The paper studies how easy it would be to disrupt learning dynamics in strongly-monotone games under bandit feedback.
Overall, the reviewers agreed that this paper is a significant contribution to the field, providing theoretical and practical insights into the vulnerabilities of MAL systems. In the words of Reviewer oyqK, “The two main contributions are noteworthy [..] This practical finding provides valuable insights into the potential risks of multi-agent learning.”
Reviewer mptu highlighted the value of the work in exposing vulnerabilities in MAL: “The paper highlights a significant and underexplored vulnerability in multi-agent learning [..] showing that faster-converging algorithms are more vulnerable to such attacks.” This insight was echoed by Reviewer oyqK: “to shift the global equilibrium, an attacker only needs to target one agent with sublinear cost,” a practical finding with implications for understanding MAL system resilience.

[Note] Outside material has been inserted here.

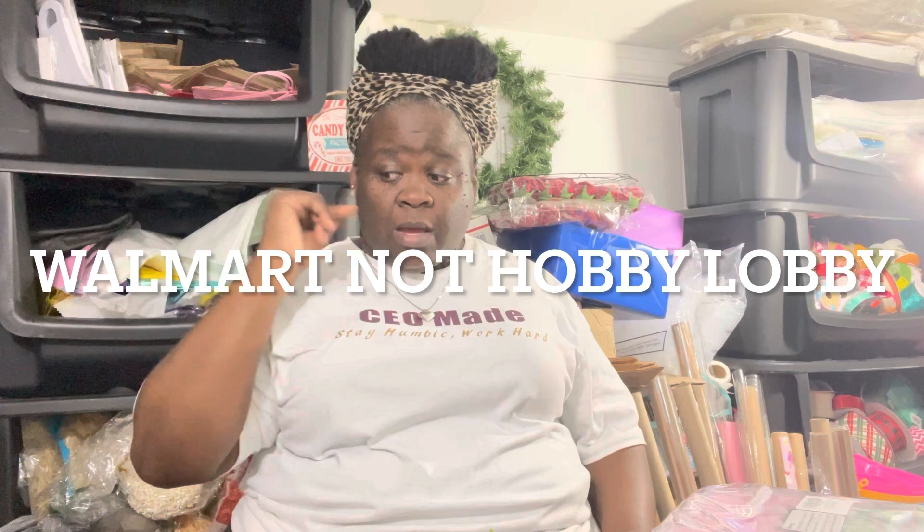I also had to go to Hobby Lobby to pick up glue sticks for my wireless glue gun — well, it has a base, but you can remove it from the base and use it everywhere. Then I figured, let's check Walmart out. If you're in your Walmart, I know most of you are doing clearance shopping for Easter. Our store is at 75% off and I'm like, no.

All the reviewers agreed that the paper deserves presentation at ICLR.
审稿人讨论附加意见
In the first round of responses, the authors addressed several concerns and expanded on key points. For instance, in response to concerns about the strong knowledge assumptions of the attacker, the authors clarified that their framework is applicable to scenarios where the adversary has partial or noisy observations. Reviewer oyqK appreciated the response and decided to increase their score.